(Web page caption snippets)
::::

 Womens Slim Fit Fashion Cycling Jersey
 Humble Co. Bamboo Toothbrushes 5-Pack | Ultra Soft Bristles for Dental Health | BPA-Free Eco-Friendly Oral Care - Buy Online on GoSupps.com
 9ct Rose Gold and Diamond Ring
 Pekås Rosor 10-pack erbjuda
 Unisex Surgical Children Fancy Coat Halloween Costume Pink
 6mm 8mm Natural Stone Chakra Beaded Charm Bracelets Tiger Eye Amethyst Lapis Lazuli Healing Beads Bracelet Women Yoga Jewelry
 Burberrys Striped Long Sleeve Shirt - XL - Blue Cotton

::::

▸ **Problem**
From the first line to the last, copy the records without alteration.

▸ **Response box**
 Womens Slim Fit Fashion Cycling Jersey
 Humble Co. Bamboo Toothbrushes 5-Pack | Ultra Soft Bristles for Dental Health | BPA-Free Eco-Friendly Oral Care - Buy Online on GoSupps.com
 9ct Rose Gold and Diamond Ring
 Pekås Rosor 10-pack erbjuda
 Unisex Surgical Children Fancy Coat Halloween Costume Pink
 6mm 8mm Natural Stone Chakra Beaded Charm Bracelets Tiger Eye Amethyst Lapis Lazuli Healing Beads Bracelet Women Yoga Jewelry
 Burberrys Striped Long Sleeve Shirt - XL - Blue Cotton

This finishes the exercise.